Funds trickle down for Ancram culvert repairs


ANCRAM—Unless you are an organism that lives in and/or travels by water you may not care much about culverts.

Those drains or channels that allow water to flow under a road, railroad or sidewalk are the main routes some water-inhabitants take to get around.

Now Ancram’s water- and land-dwelling residents, for that matter, can rest easier. The town has received a $220,000 grant to fix up culverts on the Roeliff Jansen Kill within the Punch Brook and Shekomeko subwatersheds.

Some small culverts do not allow the passage of floodwaters resulting from current and future predicted rainfall events.

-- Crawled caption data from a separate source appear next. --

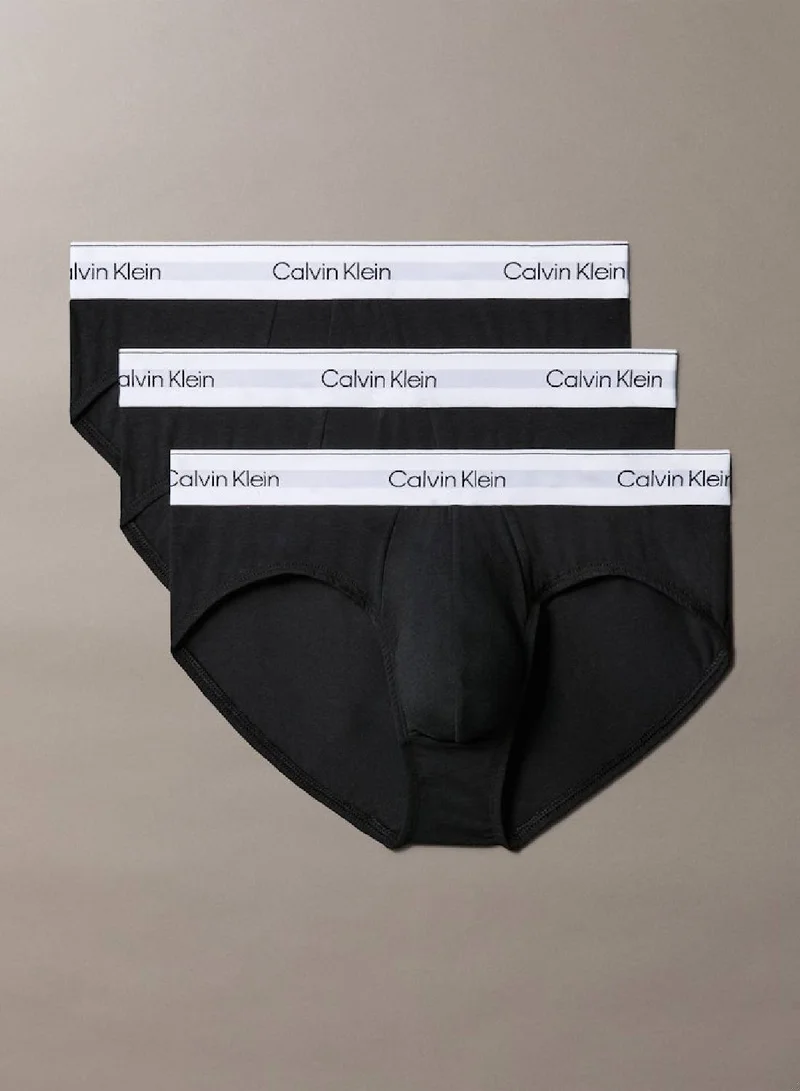 CALVIN KLEIN 3 Pack Briefs - Icon Cotton Stretch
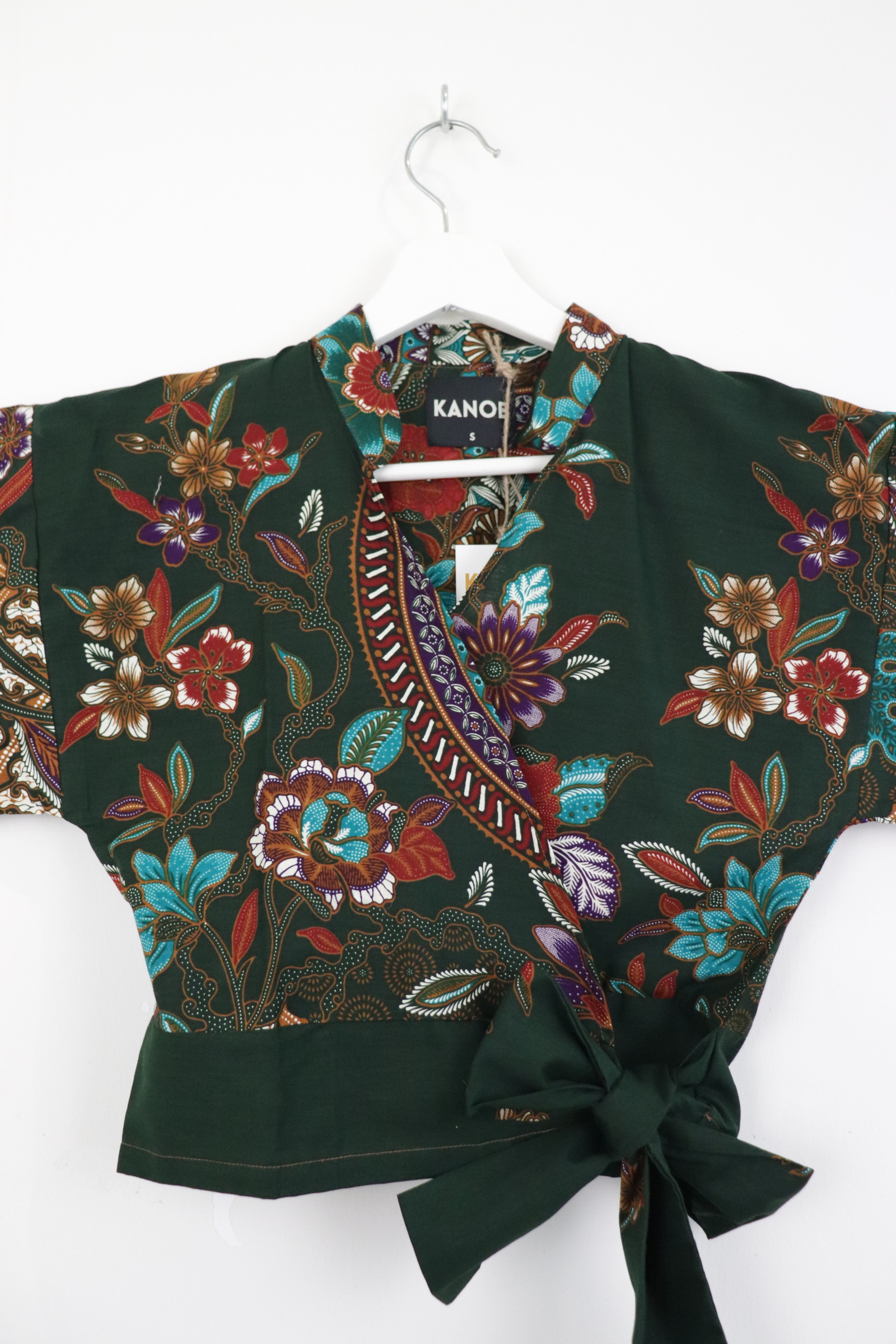 Kimono Wrap Top - Moon Jade
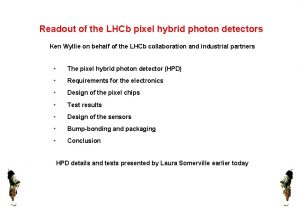 Readout of the LHCb pixel hybrid photon detectors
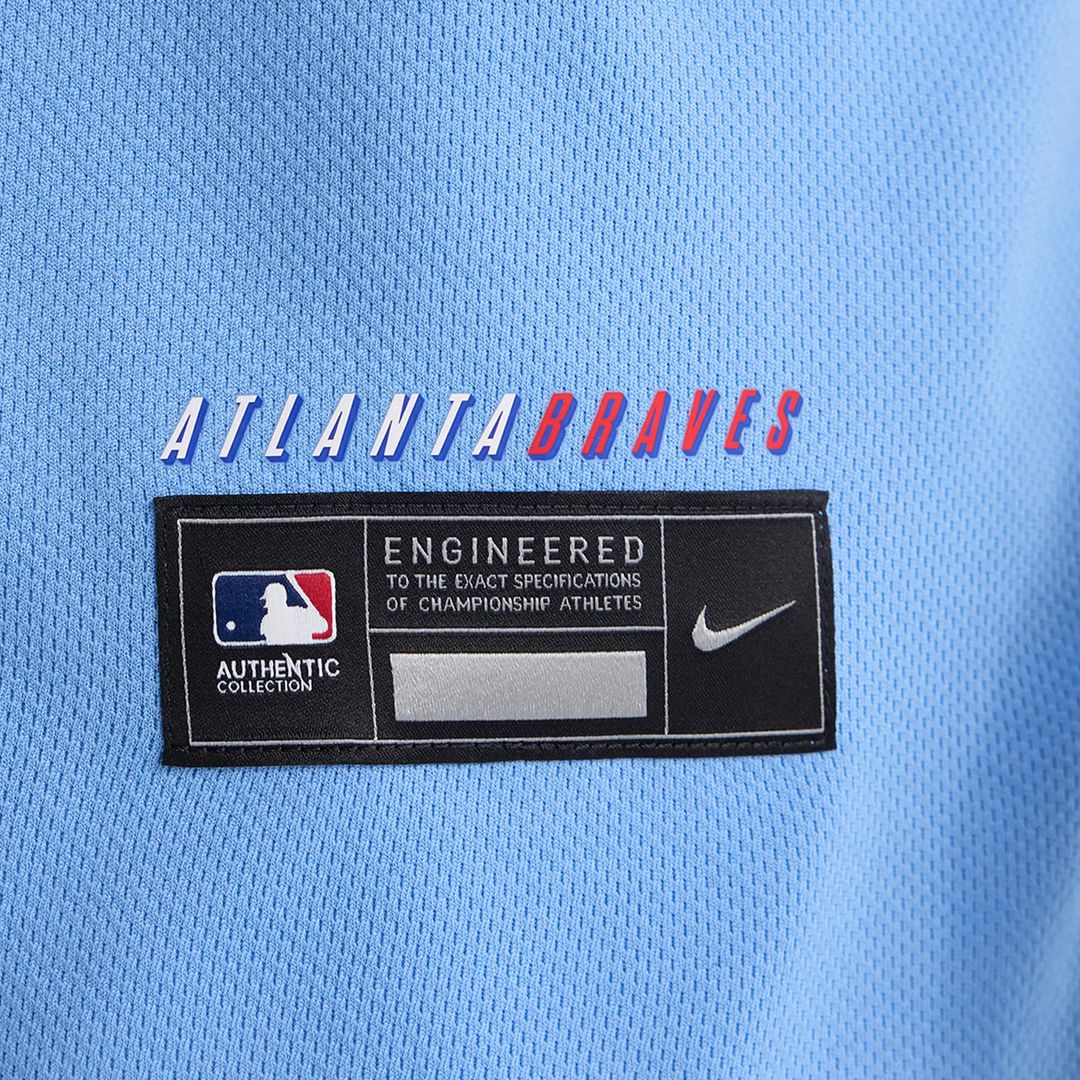 Atlanta Braves Nike 2026 City Connect Authentic Jersey - Powder Blue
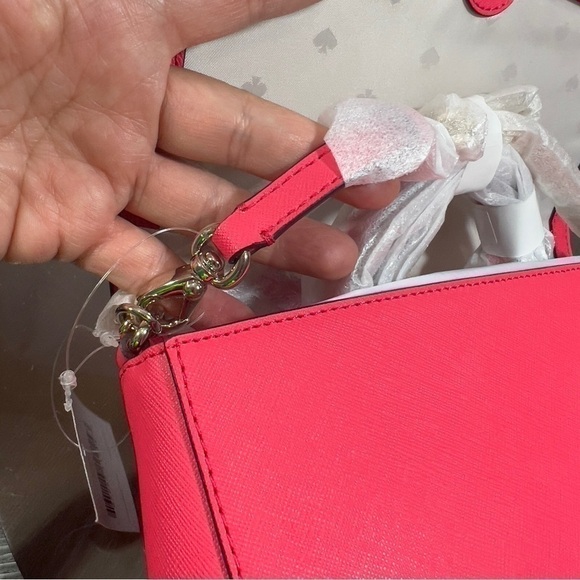 KATE SPADE Pink Greer convertible crossbody/shoulder bag NWT Barbie Cote perfect - Picture 8 of 14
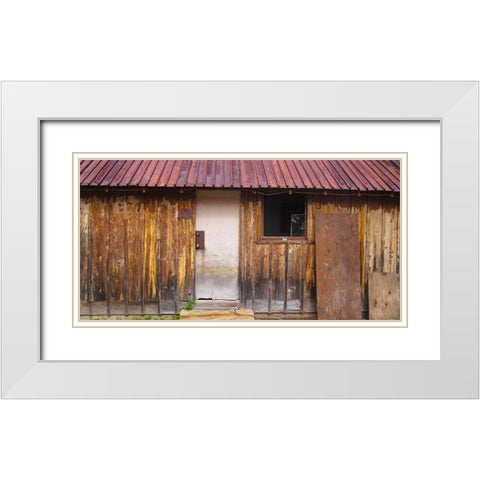 Cabin I White Modern Wood Framed Art Print with Double Matting by Popcorn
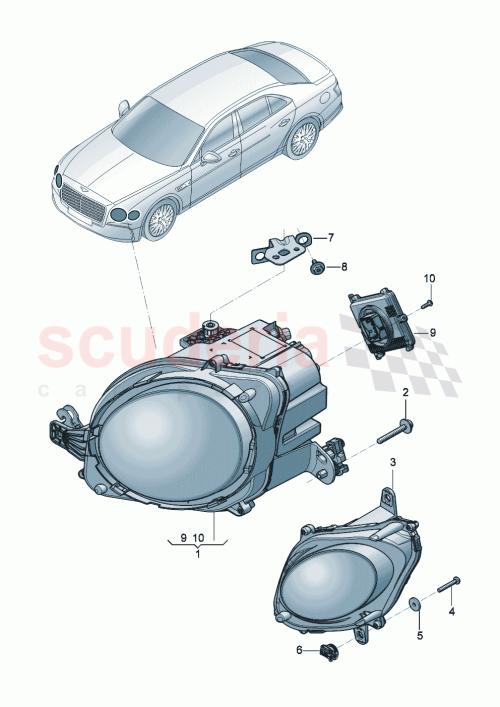 Part Diagram for Bentley 3SE953042H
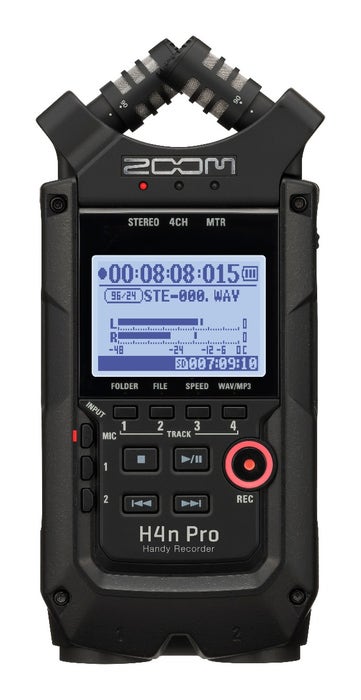 Zoom H4n Pro Handy Recorder Black Edition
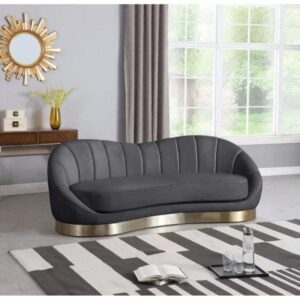 Velvet Curved Sofa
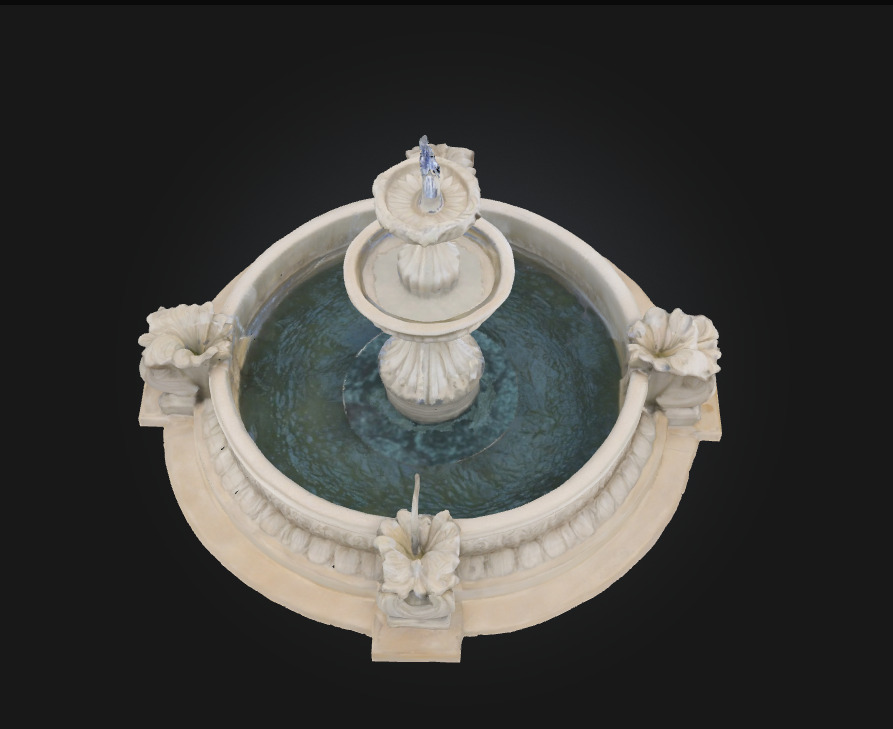 Grandstone Cascade  Sculpted Majesty in Flowing Stone 3D model_2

They will be replaced with bigger ones that will keep water moving and in the places it is supposed to be—a good thing for both landlubbers and denizens of the damp.

Ancram was one of three grant recipients, in a program of the state Department of Environmental Conservation (DEC) that awarded a total of $382,500 for “culvert-replacement projects to help restore aquatic habitat in tributary streams of the Hudson River estuary, reduce localized flooding and improve water quality,” DEC Acting Commissioner Marc Gerstman said in a press release. Scenic Hudson Land Trust, Inc. received $97,500 and Ulster County received $65,000.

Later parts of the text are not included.